= Beginning of Section =

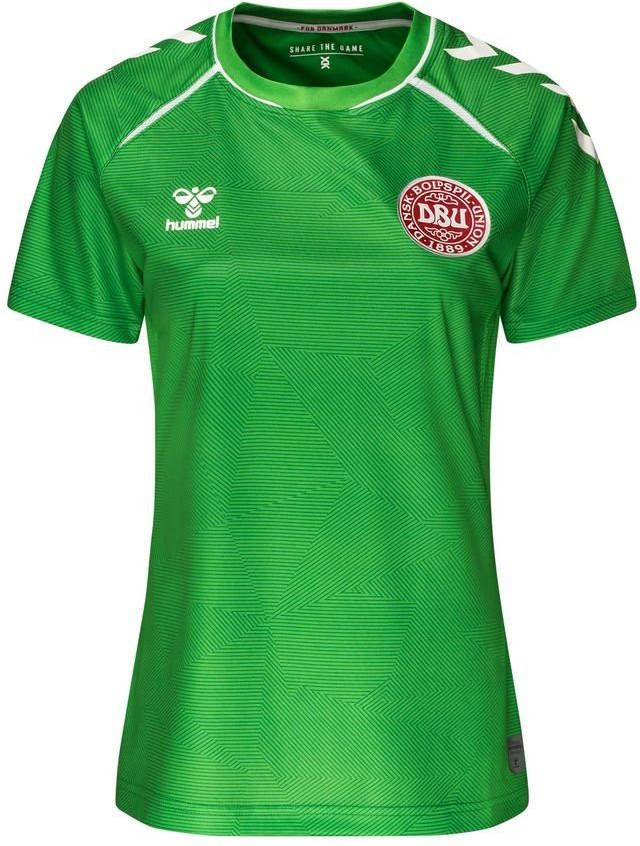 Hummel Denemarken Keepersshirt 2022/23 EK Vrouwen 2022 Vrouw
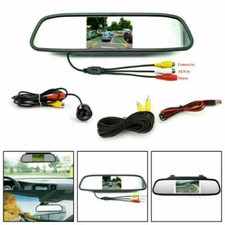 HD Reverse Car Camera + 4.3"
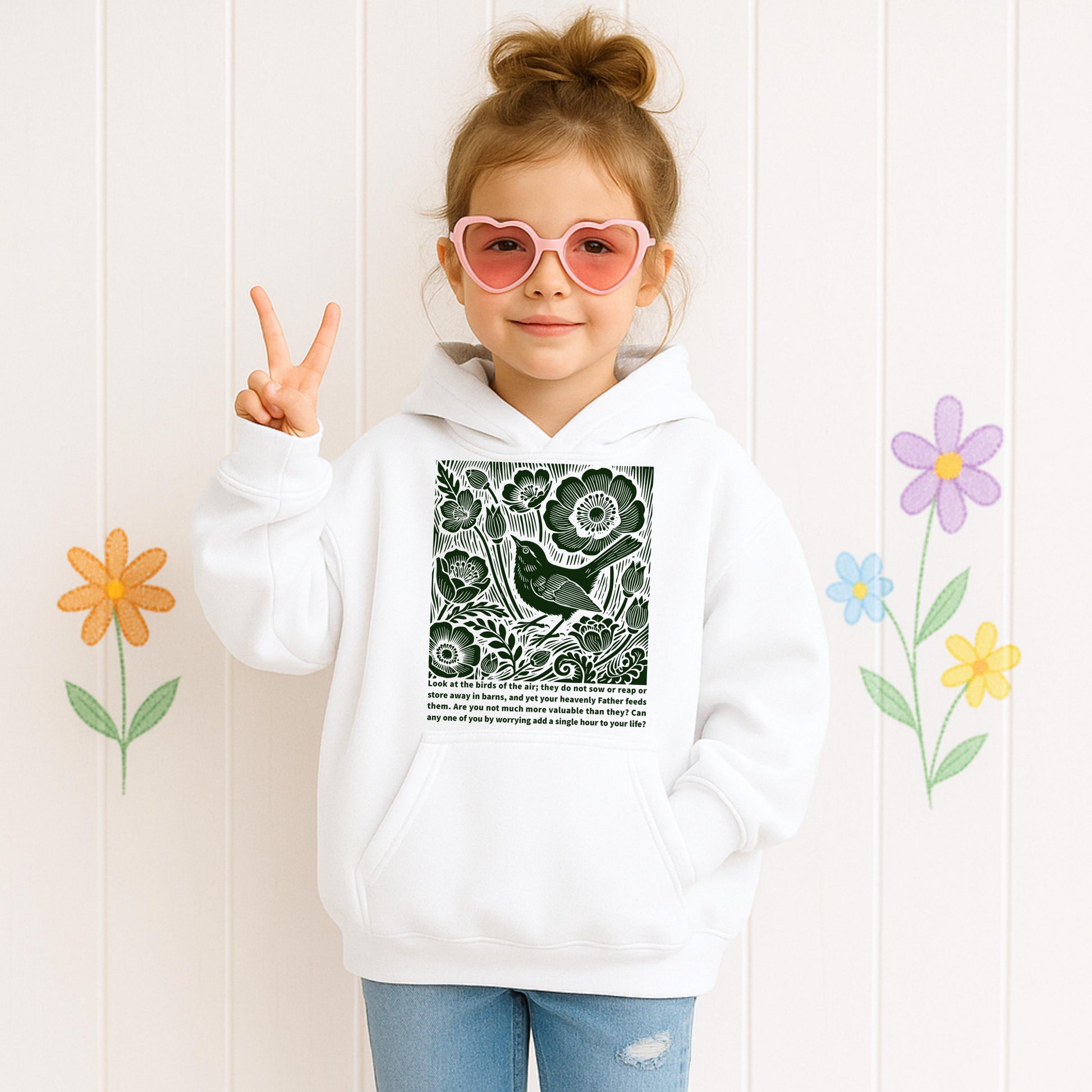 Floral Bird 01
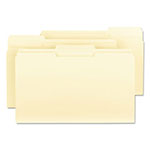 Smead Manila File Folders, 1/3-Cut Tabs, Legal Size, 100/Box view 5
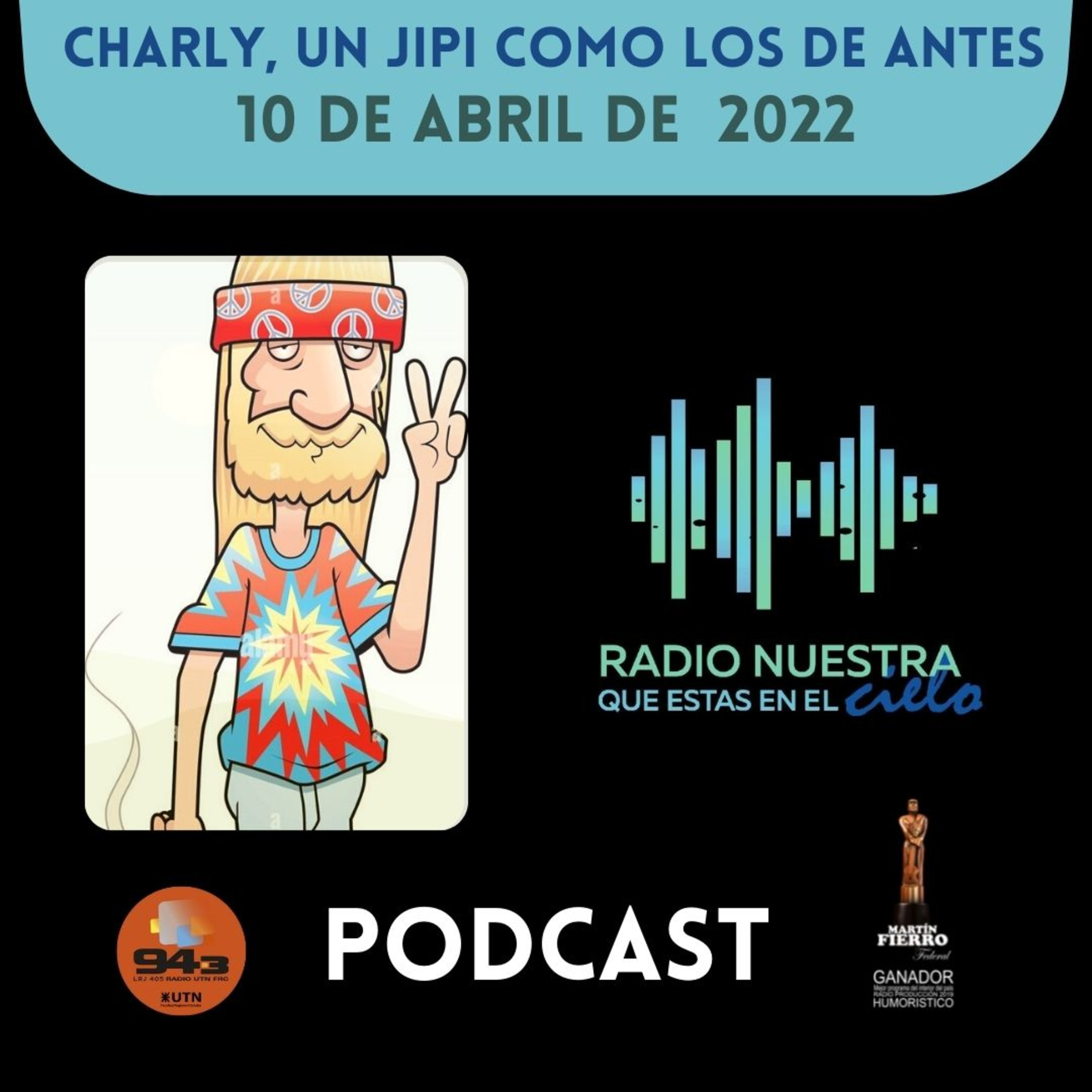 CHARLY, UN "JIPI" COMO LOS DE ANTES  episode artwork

= End of Section =

● Instructions to follow
Set down every record exactly, without the pictures.

● Exercise result
 Hummel Denemarken Keepersshirt 2022/23 EK Vrouwen 2022 Vrouw
 HD Reverse Car Camera + 4.3"
 Floral Bird 01
 Smead Manila File Folders, 1/3-Cut Tabs, Legal Size, 100/Box view 5
 CHARLY, UN "JIPI" COMO LOS DE ANTES  episode artwork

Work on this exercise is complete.